──────── Data extract

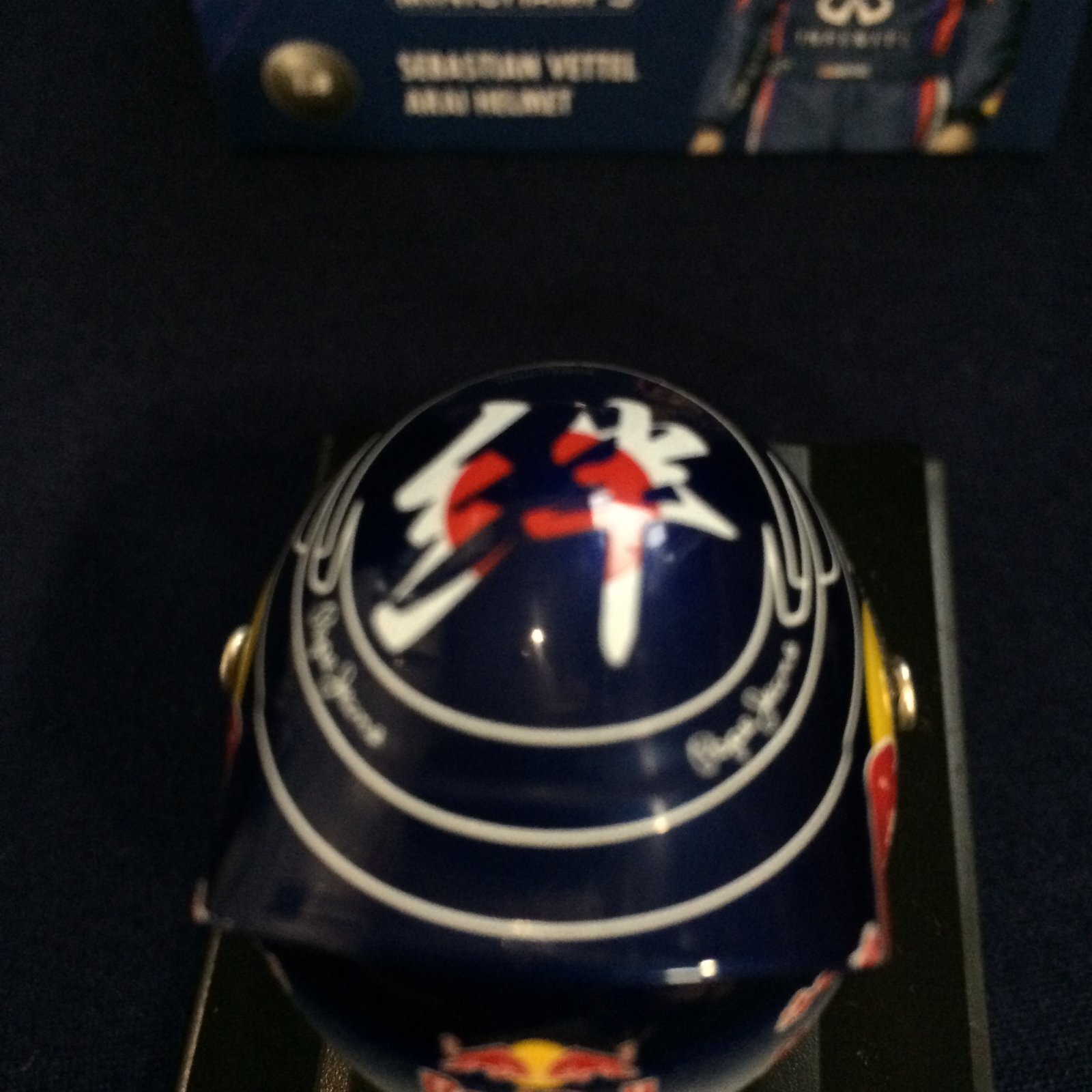 画像: セカンドハンド品●PMA 1/8 RED BULL 2011 WORLD CHAMPION (S.ベッテル）ミニヘルメット　※絆※
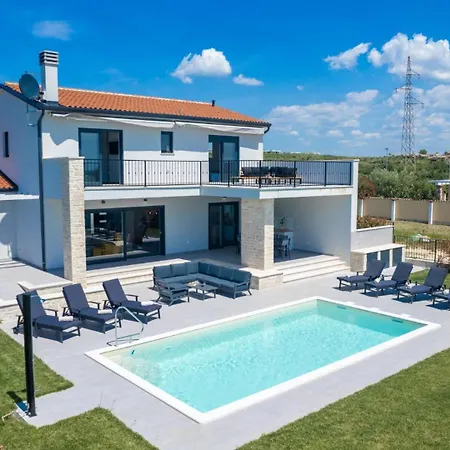 Beautiful With Pool In Brtonigla
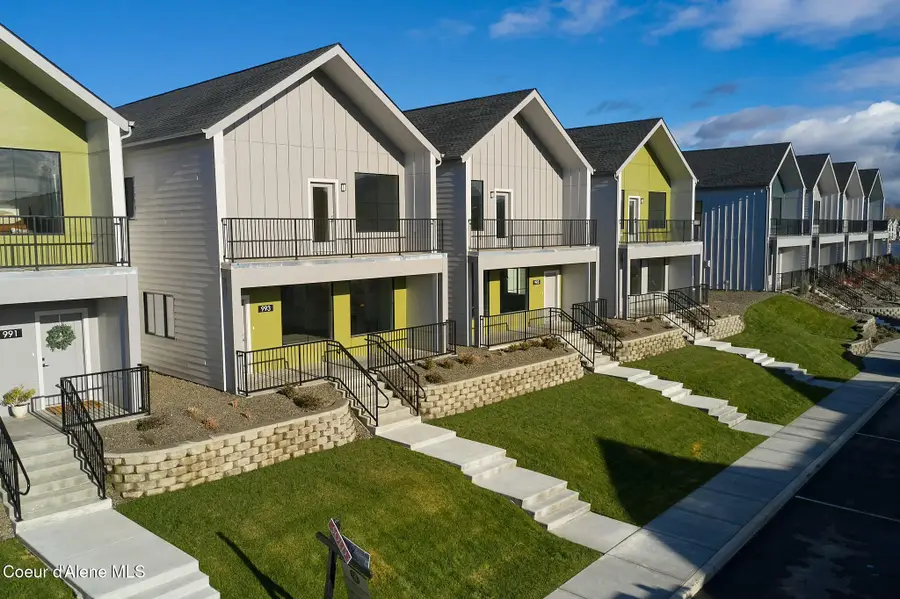 995 E RAILROAD AVENUE, Post Falls, ID 83854 - Image #2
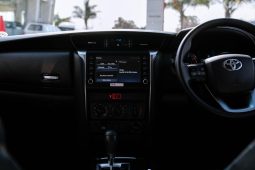 
										Toyota Fortuner 2.4GD-6 4×4 full									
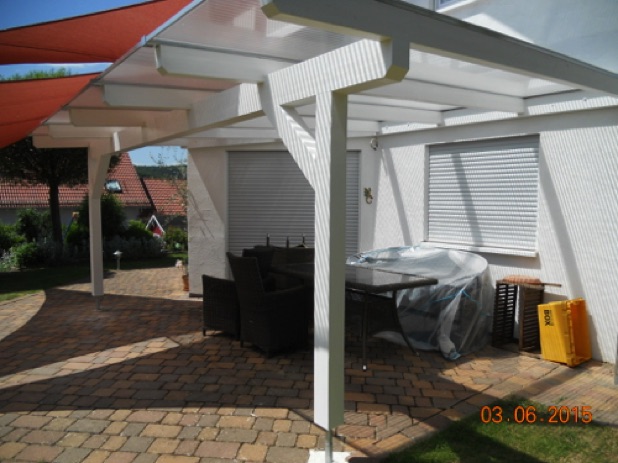 Terrassenüberdachung im Hauswinkel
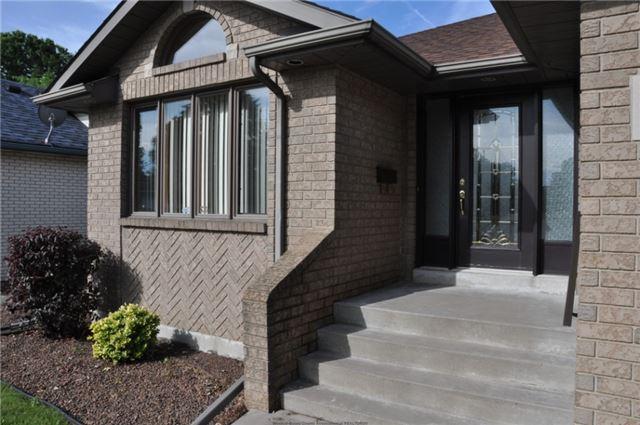 2503 Buttery St, House detached with 3 bedrooms, 3 bathrooms and 6 parking in Windsor ON | Image 2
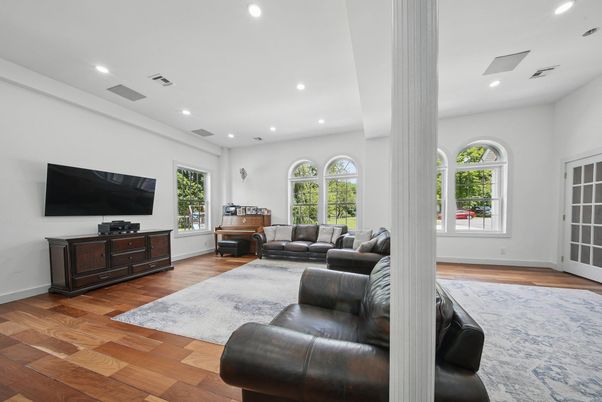 Interior, Living room, Recessed Lighting, Wood Texture Flooring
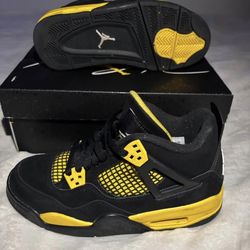 Air Jordan 4 Retro – Size 5 – Black/Yellow – Great Condition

────────────────

Starting with the first line of the data above and ending with the line containing "Interior, Living room, Recessed", please restate every line exactly, leaving images out.

Result of this exercise
 画像: セカンドハンド品●PMA 1/8 RED BULL 2011 WORLD CHAMPION (S.ベッテル）ミニヘルメット　※絆※
 Beautiful With Pool In Brtonigla
 995 E RAILROAD AVENUE, Post Falls, ID 83854 - Image #2
										Toyota Fortuner 2.4GD-6 4×4 full									
 Terrassenüberdachung im Hauswinkel
 2503 Buttery St, House detached with 3 bedrooms, 3 bathrooms and 6 parking in Windsor ON | Image 2
 Interior, Living room, Recessed Lighting, Wood Texture Flooring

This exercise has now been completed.